Demand for alternative assets such as private equity and real estate has surged. Firms have raised record amounts of money as a seven-year rally in stock markets makes public equities expensive while bond yields continue to hover near historic lows.
Blackstone, the world’s largest manager of alternative assets, has more than doubled the amount overseen for clients since the middle of 2012, to $387 billion at the end of September. New business lines it’s pursued in recent years include private equity secondaries, tactical opportunities, core-plus property and real estate investment trusts.
Assets under management at Blackstone rose 4.4 percent in the third quarter, its fastest quarter-over-quarter growth since the start of 2015, as clients poured into strategies including tactical opportunities, Asian real estate, hedge funds and distressed debt, the firm said last week. Schwarzman has said he expects Blackstone’s assets to continue rising in the fourth quarter. The firm is raising money for its new infrastructure fund, and it’s making a foray into early-stage growth investing.
“Part of what we do is start new businesses, new investing areas,” Schwarzman, 70, said in the interview. “We’re not in the asset-gathering business. We’re in the return-providing business.”
Shares of Blackstone dipped 0.8 percent to $34.32 as of 10:27 a.m. in New York, giving the asset manager a market value of about $41 billion.
The firm has been among the beneficiaries of Saudi Arabia’s plan to become an investing powerhouse and reduce its reliance on oil. In May, Blackstone received a commitment of as much as $20 billion for infrastructure deals from the kingdom’s Public Investment Fund. The firm added an additional $10 billion this month with the acquisition of energy investor Harvest Fund Advisors.
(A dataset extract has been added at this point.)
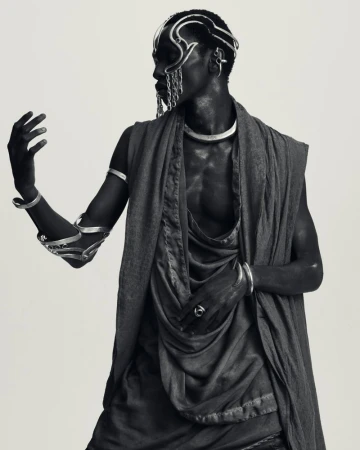 Black male model in draped sleeveless tunic wearing sculptural silver face jewelry and arm cuffs against a light studio backdrop.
“When you have pension funds, sovereign wealth funds that have an allocation to private assets of low single digits, if they decide to increase it even by 10 to 20 percent, it’s having a huge impact on the sector growth,” said Tomasz Grzelak, an analyst at Baader Helvea AG in Zurich.
Schwarzman said he’s a “great believer in scale” because it allows his company to operate globally and attract talent. His firm gave birth to the world’s largest asset manager when it sold a mortgage-securities unit run by Laurence D. Fink in 1994. Fink turned that business into BlackRock Inc., which now oversees about $6 trillion for clients. Schwarzman said in 2013 that his decision to let Fink go was a “heroic mistake.”
Still, Blackstone manages more than $100 billion more than its next largest U.S.-based rival, Apollo Global Management LLC, which had $232 billion in assets as of June 30. Carlyle Group LP oversaw $170 billion at the end of June.
Peter Grauer, chairman of Bloomberg LP, is a non-executive director at Blackstone.